● **PROBLEM STATEMENT**:
Across all the records, filter for lines with the word "Fleece" and copy them.
(AVAILABLE RECORDS Opens)
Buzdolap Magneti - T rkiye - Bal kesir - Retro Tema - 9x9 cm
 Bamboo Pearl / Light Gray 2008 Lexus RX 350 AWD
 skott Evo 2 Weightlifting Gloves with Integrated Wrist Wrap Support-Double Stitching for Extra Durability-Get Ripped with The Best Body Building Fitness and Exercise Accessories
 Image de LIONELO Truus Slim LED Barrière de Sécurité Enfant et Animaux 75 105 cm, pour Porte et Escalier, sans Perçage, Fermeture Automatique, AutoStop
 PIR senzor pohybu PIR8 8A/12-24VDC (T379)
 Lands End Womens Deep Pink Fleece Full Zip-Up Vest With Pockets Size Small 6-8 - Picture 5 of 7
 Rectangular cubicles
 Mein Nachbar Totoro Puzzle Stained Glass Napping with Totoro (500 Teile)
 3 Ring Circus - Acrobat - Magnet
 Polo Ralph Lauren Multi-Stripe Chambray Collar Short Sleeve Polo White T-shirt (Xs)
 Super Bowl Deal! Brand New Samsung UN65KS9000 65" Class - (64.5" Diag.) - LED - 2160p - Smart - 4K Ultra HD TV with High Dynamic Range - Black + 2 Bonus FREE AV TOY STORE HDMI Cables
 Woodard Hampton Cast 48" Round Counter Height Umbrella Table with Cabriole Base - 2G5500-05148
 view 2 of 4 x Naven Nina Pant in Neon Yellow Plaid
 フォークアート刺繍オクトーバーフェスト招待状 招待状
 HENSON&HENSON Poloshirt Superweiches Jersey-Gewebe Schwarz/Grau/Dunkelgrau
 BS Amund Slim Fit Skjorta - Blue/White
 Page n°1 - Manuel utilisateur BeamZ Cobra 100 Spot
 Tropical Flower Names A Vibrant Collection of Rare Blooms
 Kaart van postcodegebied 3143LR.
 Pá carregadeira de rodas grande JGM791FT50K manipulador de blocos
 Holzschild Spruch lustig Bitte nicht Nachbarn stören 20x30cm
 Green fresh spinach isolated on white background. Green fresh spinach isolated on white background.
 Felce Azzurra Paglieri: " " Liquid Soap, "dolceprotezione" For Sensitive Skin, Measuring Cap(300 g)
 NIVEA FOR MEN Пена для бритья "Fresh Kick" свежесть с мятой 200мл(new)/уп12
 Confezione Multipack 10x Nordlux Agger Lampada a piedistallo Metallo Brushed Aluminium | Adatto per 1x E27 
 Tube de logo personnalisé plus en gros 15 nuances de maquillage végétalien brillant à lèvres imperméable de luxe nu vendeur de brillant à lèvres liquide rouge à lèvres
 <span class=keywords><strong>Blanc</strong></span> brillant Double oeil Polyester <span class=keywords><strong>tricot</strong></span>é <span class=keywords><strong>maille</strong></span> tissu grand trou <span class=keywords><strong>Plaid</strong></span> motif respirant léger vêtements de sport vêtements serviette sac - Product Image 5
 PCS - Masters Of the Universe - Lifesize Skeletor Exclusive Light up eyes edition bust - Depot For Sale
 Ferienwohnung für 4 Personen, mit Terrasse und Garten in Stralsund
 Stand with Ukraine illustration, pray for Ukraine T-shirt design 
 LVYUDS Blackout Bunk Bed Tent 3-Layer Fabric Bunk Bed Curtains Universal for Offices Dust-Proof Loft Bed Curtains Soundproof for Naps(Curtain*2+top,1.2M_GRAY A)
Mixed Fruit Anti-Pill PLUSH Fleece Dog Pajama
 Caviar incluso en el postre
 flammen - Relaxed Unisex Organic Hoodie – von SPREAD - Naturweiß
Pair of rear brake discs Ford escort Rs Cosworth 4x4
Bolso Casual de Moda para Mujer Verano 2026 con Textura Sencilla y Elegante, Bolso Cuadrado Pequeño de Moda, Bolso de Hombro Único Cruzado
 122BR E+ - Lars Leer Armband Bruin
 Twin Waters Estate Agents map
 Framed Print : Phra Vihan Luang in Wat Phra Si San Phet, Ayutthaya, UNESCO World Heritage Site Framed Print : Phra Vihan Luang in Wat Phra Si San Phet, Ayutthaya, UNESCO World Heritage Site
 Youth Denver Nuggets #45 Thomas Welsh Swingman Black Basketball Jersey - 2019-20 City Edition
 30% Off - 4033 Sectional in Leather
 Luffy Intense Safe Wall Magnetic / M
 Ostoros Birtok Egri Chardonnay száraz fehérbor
(AVAILABLE RECORDS Closes)
● **SOLUTION BELOW**:
 Lands End Womens Deep Pink Fleece Full Zip-Up Vest With Pockets Size Small 6-8 - Picture 5 of 7
Mixed Fruit Anti-Pill PLUSH Fleece Dog Pajama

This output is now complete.